[Start of Attachment]

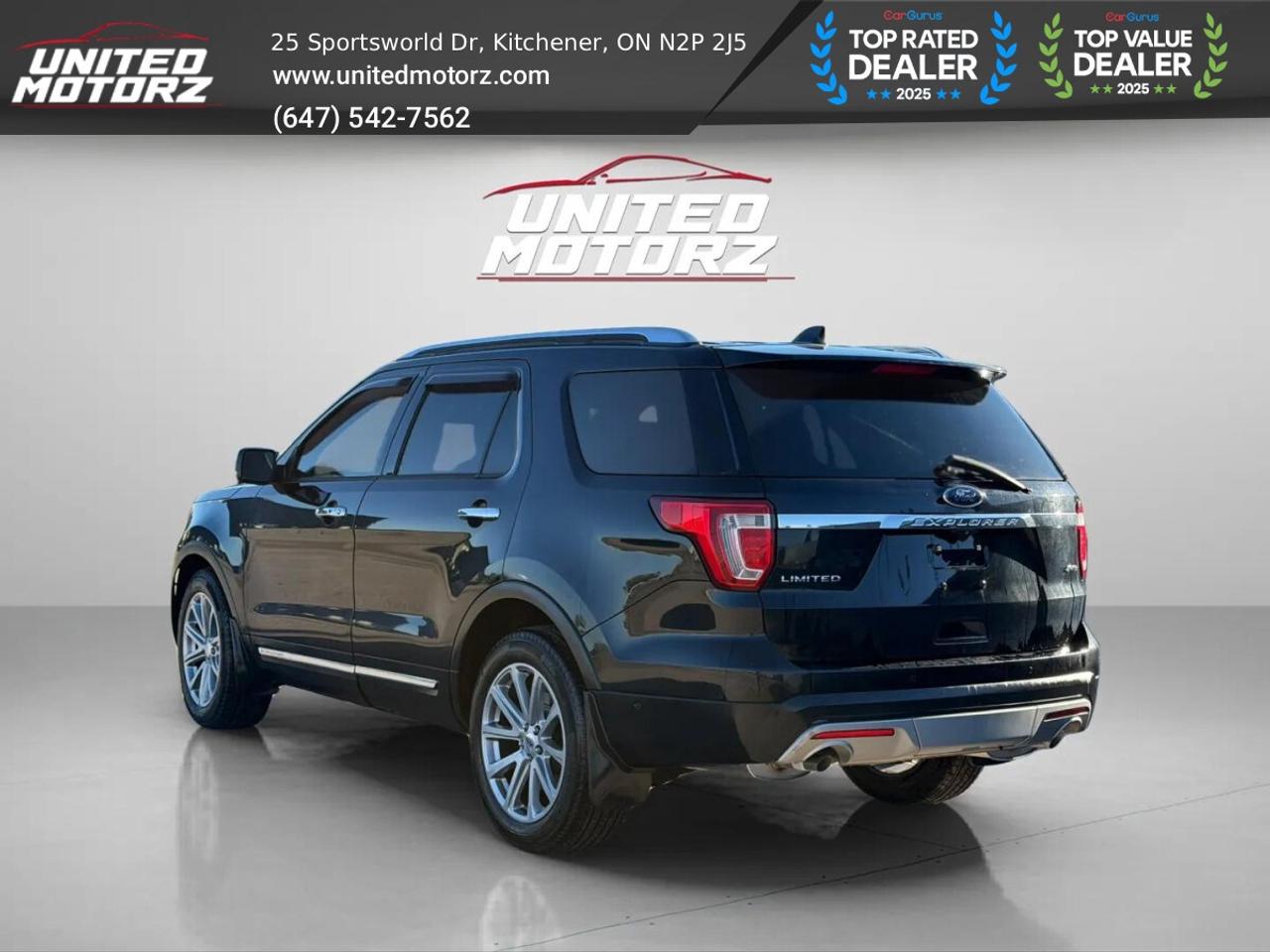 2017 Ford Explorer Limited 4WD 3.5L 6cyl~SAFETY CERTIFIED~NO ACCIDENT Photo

[End of Attachment]
[Start of Attachment]

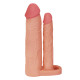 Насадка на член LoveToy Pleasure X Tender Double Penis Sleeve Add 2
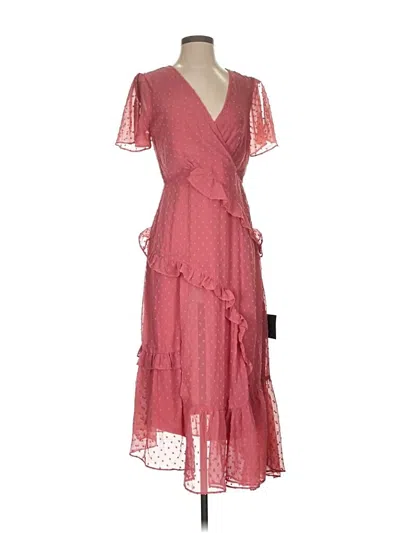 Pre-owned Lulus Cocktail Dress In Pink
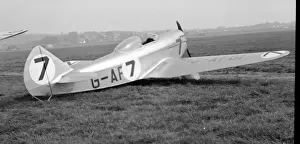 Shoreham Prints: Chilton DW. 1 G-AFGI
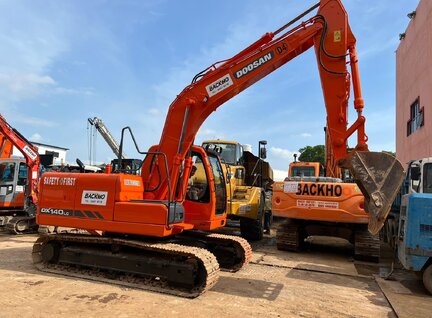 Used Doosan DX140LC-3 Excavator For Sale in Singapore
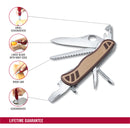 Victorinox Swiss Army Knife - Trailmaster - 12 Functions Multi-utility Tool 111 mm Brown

[End of Attachment]

Problem description:
Copy only the lines above from the one containing "Used Doosan DX140LC-3" through the one containing "Victorinox Swiss Army", both included. Leave out the pictures.

The completed task:
 Used Doosan DX140LC-3 Excavator For Sale in Singapore
 Victorinox Swiss Army Knife - Trailmaster - 12 Functions Multi-utility Tool 111 mm Brown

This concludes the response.